§ **TASK STATEMENT**
Here is the task for the records below: repeat exactly the lines from the one with "Roseland Slim Power Bank 4000" to the one with "Ideal Moments Press Plate & Die Set", both included, and nothing else.

§ **PROVIDED INFORMATION**
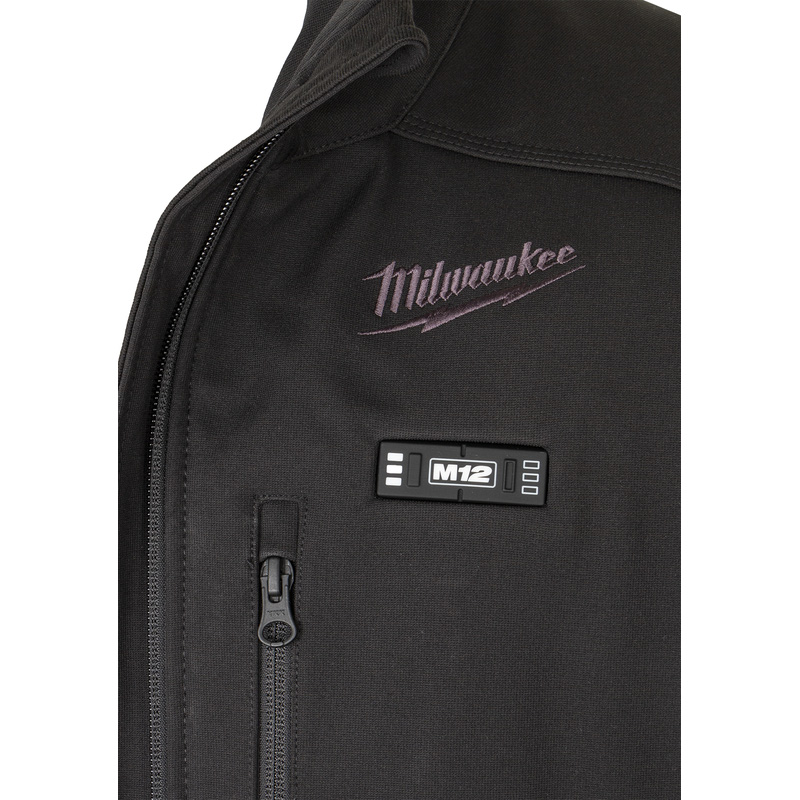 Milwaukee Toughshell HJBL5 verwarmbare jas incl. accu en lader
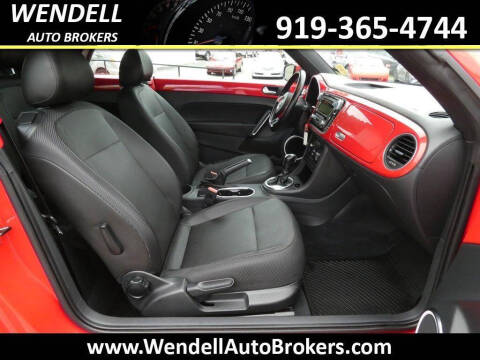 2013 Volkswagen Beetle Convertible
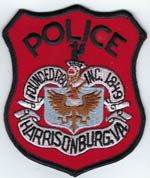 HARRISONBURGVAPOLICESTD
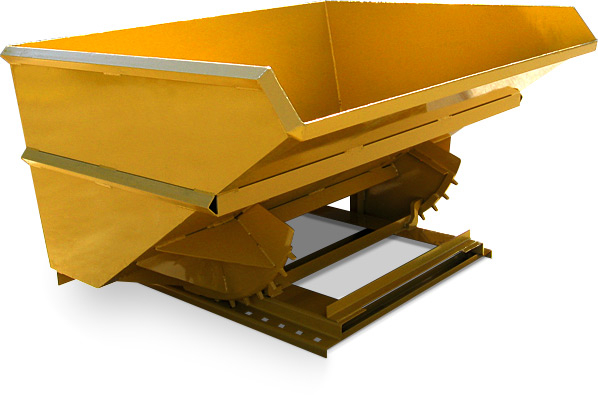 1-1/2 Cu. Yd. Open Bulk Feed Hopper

--

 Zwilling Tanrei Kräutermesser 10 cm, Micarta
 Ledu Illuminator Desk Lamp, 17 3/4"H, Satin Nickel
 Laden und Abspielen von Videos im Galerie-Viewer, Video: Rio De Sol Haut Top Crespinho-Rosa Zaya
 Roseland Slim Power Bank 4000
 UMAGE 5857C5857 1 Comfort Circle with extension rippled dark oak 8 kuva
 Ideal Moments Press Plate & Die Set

---

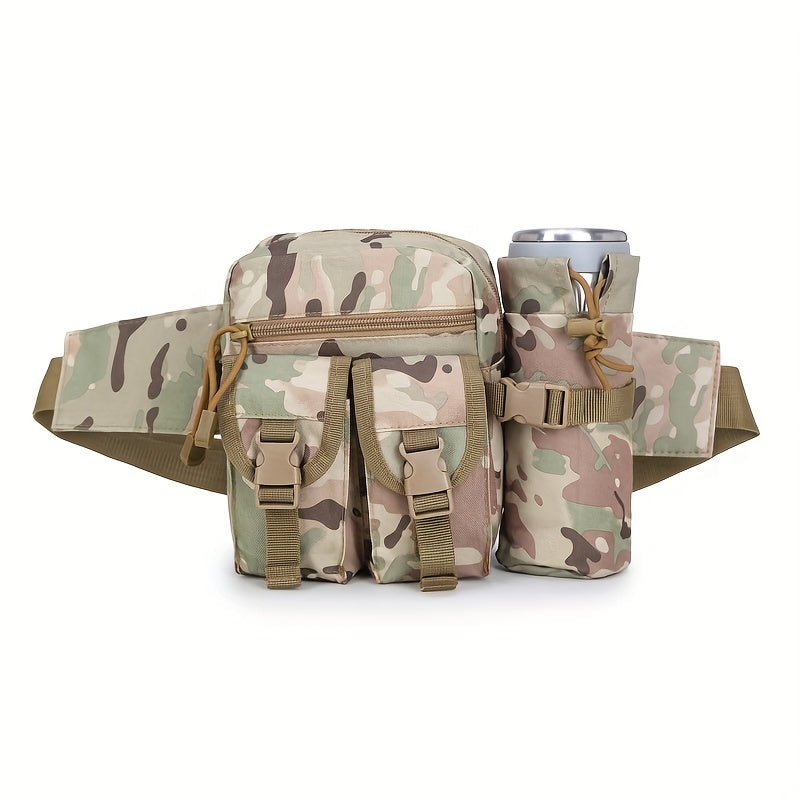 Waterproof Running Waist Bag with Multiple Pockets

§ **ANSWER SECTION**
 Roseland Slim Power Bank 4000
 UMAGE 5857C5857 1 Comfort Circle with extension rippled dark oak 8 kuva
 Ideal Moments Press Plate & Die Set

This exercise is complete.